India’s risks have not entirely disappeared, given the political cycle and potential for slowing capital inflows complicating external financing.

Increased market volatility stemming from global trade protectionism and rising US interest rates will be met by a concerted response from the Reserve Bank of India (the central bank), and attention will invariably become increasingly focused on the federal elections next year, and whether Narendra Modi’s business-friendly policies persist.

Uncertainty will increase in view of the latest opinion poll readings and by-election results signalling the possibility of the centre-right National Democratic Alliance led by Narendra Modi’s Bharatiya Janata Party (BJP) losing its majority in the lower house.

Positive signs

Yet India’s risk rating improved in Euromoney’s latest survey, resulting in the sovereign moving up three places in the global risk rankings to 53rd out of 186 countries, keeping its distance to Brazil, and closing in on Thailand and Bulgaria among investment grades.

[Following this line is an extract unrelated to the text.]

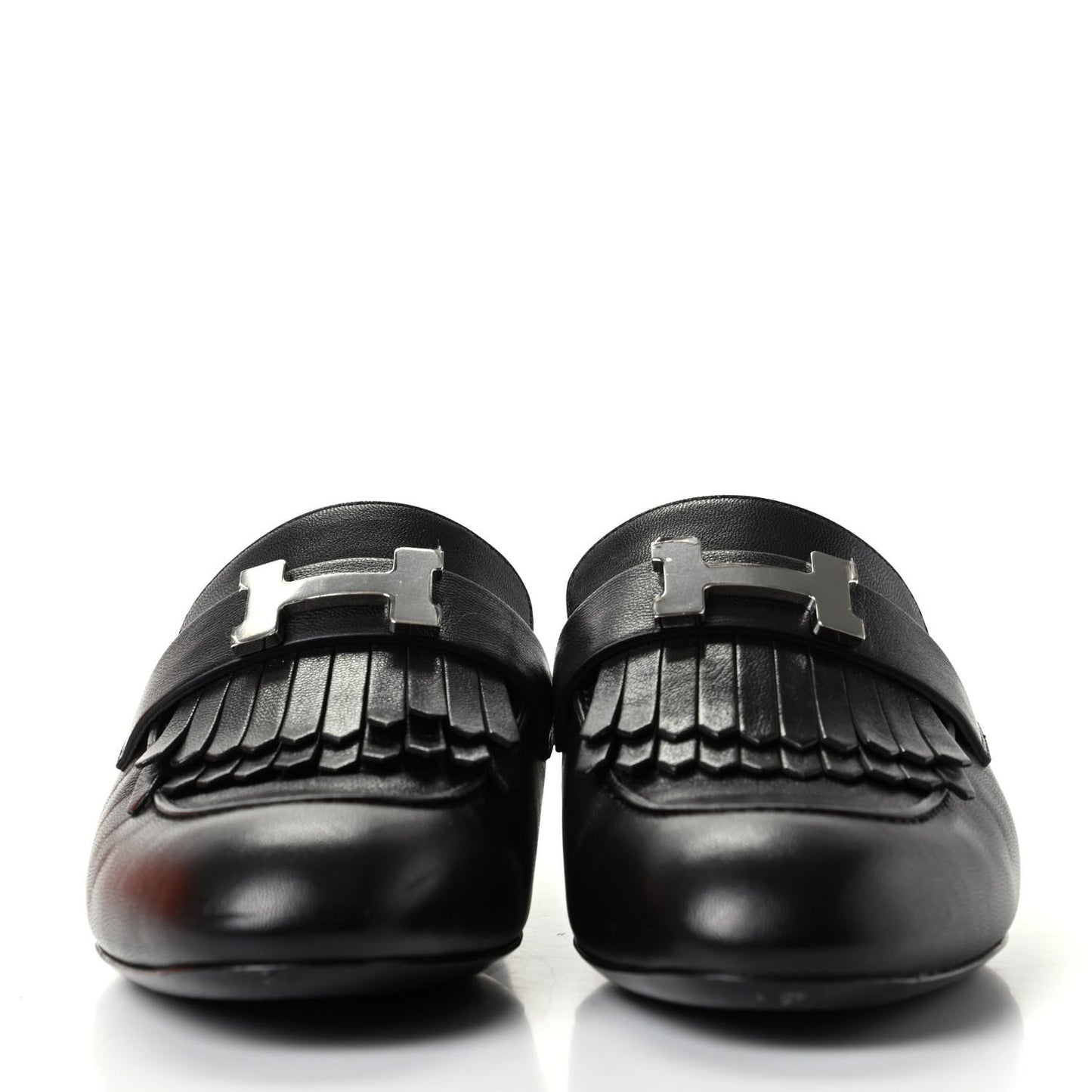Goatskin Rivoli Mules 36 Black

Economic data has turned out to be unequivocally more positive in recent weeks.

Auto sales and bank lending figures, providing useful indicators of consumer demand, paint a rosy picture, signalling the economy has weathered implementation of the goods and services tax and the cash shortages accompanying the banknote demonetisation (currency exchange) aimed at curtailing illegal shadow economy activities.

Passenger vehicle sales rose by almost 20% year-on-year in the second quarter, with July credit data climbing 12%.

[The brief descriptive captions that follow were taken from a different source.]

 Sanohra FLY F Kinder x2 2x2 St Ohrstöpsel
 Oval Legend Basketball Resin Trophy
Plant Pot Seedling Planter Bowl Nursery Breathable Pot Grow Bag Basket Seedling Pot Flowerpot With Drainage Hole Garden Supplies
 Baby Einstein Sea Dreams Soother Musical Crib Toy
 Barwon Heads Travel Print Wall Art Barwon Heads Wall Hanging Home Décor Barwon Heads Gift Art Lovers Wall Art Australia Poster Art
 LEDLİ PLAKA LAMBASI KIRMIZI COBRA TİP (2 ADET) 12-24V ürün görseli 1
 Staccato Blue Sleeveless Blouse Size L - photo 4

Sentiment in the manufacturing and services sectors is better off, with rising new orders fuelling exports, industrial production and GDP growth – signalling that the second quarter national accounts, to be released towards the end of this month, will endorse these favourable readings.

Risks easing

Euromoney’s survey experts have taken this on board, upgrading four of the five economic risk indicators on a like-for-like, year-on-year basis, alongside all six political indicators that are improving due to political stability and pro-business policymaking opening up the country to foreign investment.

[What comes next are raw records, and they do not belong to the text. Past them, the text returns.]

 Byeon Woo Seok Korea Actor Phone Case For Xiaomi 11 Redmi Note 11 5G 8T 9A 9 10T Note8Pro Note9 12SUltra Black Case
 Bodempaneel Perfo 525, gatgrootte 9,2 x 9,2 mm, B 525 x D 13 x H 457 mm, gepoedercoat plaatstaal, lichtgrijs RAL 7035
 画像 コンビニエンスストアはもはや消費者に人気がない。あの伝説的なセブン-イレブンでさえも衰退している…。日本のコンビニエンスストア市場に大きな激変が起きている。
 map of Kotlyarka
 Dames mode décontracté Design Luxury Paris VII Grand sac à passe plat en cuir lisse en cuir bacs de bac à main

Even the more conservative forecasters now predict GDP growth accelerating from the 6.7% outturn in fiscal year 2017/18 (to end-March), to more than 7%.

“We expect growth to pick up to 7.5% in the next fiscal years – supported by consumption and a pick-up in investment – and India to surpass China again as fastest growing giant”, says ABN Amro economist and ECR survey contributor, Arjen van Dijkhuizen.

IMF forecasts concur:

ecr india GDP growth graph 780

“The improved reform momentum under Modi’s government, better policies, a demographic dividend and ‘catch-up effects’ are structural factors supporting growth,” Dijkhuizen states.

Fast growth is of course crucial for development in a country with a low per capita GDP, trailing most of its peers, and can only be sustained through reforms.

The goods and services tax has created a unified internal market for the first time, and it will facilitate workers moving from informal to formal activities, bolstering federal government revenue, states the IMF in its latest assessment report.

Major steps have been taken to shore up banking sector stability –  a fairly low-scoring indicator in Euromoney’s survey, but one that is improving; India’s banks are rated more highly than China’s, or Russia’s, based on comparative risk scores.

A new bankruptcy code will improve the creditor-debtor balance. Banks’ recapitalisation, better identification of bad assets, and measures to improve governance are all making progress.

“As one of the world’s fastest-growing economies – accounting for about 15% of global growth –  India’s economy has helped to lift millions out of poverty,” the IMF states.

And with a stronger economy, India is no longer considered one of the “fragile five”, the most vulnerable EMs during the “taper tantrum” of 2013, when the current-account deficit was closer to 5% of GDP than its current level, less than 2%.


Financial markets were not overly perturbed by the recent tightening of monetary policy providing support for the rupee to dampen inflation pressure.

India is in a stronger state. The stock of foreign currency reserves has grown to more than seven months of imports, or four-fifths of external debt, and the budget deficit and debt metrics are on gradually improving medium-term trends.